Two issues compound the gap: access and enablement. On access, a majority flagged limited high-performance computing as the top barrier to training and deploying models (see Figure 2, p. 3). On enablement, many cited difficulties with LLM concepts, limited programming depth, and lack of time for structured learning – gaps that practical labs and step-by-step resources can close.
4. AI and SSDs are seen as critical to future computing yet receive limited classroom focus. What risks does that pose?
It widens the school-to-work gap. If students don’t touch real storage stacks and model-training workflows, institutions will over-index on theory, face unpredictable cloud costs, and underprepare graduates for regulated, data-governed environments. Our findings point to growing interest in hybrid or on-prem options to control cost and data, areas where SSD-backed infrastructure is essential.
5. How can universities better integrate practical AI and storage applications without overhauling entire curricula?
a. Start modular and hands-on:
Add short lab exercises on data ingestion and model fine-tuning, aligned to what respondents most want to learn.
Use GUI-first, Windows-friendly toolchains that lower barriers for non-CS cohorts.
Blend a small on-prem AI lab for repeatable workloads with controlled cloud bursts for scale.
Offer self-paced, step-by-step exercises with code, matching faculty time constraints.
6. President Trump’s AI Action Plan emphasizes AI literacy and public-private partnerships. How do your results align with those priorities?

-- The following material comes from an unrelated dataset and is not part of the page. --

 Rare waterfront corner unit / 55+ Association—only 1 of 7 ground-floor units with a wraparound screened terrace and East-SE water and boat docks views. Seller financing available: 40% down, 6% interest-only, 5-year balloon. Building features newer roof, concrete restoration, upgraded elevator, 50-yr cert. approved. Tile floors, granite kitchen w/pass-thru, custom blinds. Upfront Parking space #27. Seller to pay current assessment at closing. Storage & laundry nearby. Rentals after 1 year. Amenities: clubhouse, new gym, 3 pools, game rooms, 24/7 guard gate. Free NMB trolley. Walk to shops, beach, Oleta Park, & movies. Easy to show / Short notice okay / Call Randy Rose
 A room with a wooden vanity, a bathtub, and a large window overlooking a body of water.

Strongly. The plan’s pillars feature innovation and infrastructure, plus education partnerships map to the top barriers we saw: compute access and skills enablement. Our data supports programs that pair infrastructure investments with faculty training and practical content to build AI literacy at scale.
7. What role should companies like Phison play in shaping national AI policy and bridging the education-to-workforce gap?

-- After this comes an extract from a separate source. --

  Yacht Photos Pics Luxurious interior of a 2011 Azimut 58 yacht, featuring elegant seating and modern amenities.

a. We recommend three roles:
Equip campuses with affordable, SSD-backed labs and provide ongoing technical support
Co-develop micro-curricula and self-paced labs that map to current tools and workflows
Advise on architectures that balance performance, budget, and data control so institutions can move from pilots to production.
b. These steps mirror both our findings and the Action Plan’s emphasis on infrastructure and talent pipelines.

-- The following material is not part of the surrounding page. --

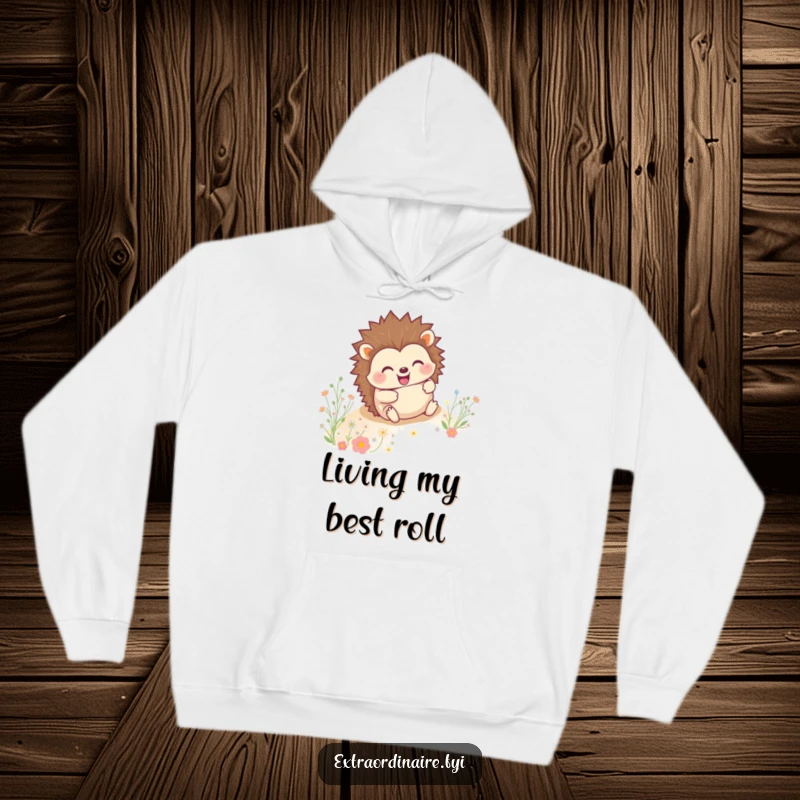 Cozy hoodie featuring a grinning hedgehog rolling downhill through flowers, radiating happiness and warmth.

8. How do you see AI and storage technology transforming higher education over the next five years?
Expect campuses will consider hybrid approaches that mix on-premises, SSD-accelerated resources with public cloud or on-premises-only solutions to retain control and predictable costs. This will come down to choosing the right venue per task (cost, control, and scale) rather than defaulting to cloud-only. Tooling will get more visual and guided, putting fine-tuning and evaluation into more classrooms, not just research labs. The institutions that pair infrastructure with enablement will convert curiosity into outcomes.
9. If you could give one piece of advice to a student interested in AI, what would it be?
Ship small, often. Learn to clean and version data, fine-tune a compact model, and evaluate it locally. The mix of hands-on practice and storage fluency will matter more than any single framework.
Michael Wu's insights underscore the critical need for collaboration between industry and academia to bridge the AI education gap. As AI and data storage technologies continue to evolve rapidly, universities face the challenge of keeping pace with real-world applications. Wu's emphasis on practical, hands-on learning experiences and the importance of understanding both AI and storage infrastructure highlights a path forward for educational institutions. By fostering partnerships with companies like Phison and implementing modular, accessible AI curricula, universities can better prepare students for the AI-driven future of technology and business. As the landscape of AI education continues to evolve, the insights provided by industry leaders like Wu will be crucial in shaping effective strategies for nurturing the next generation of tech talent.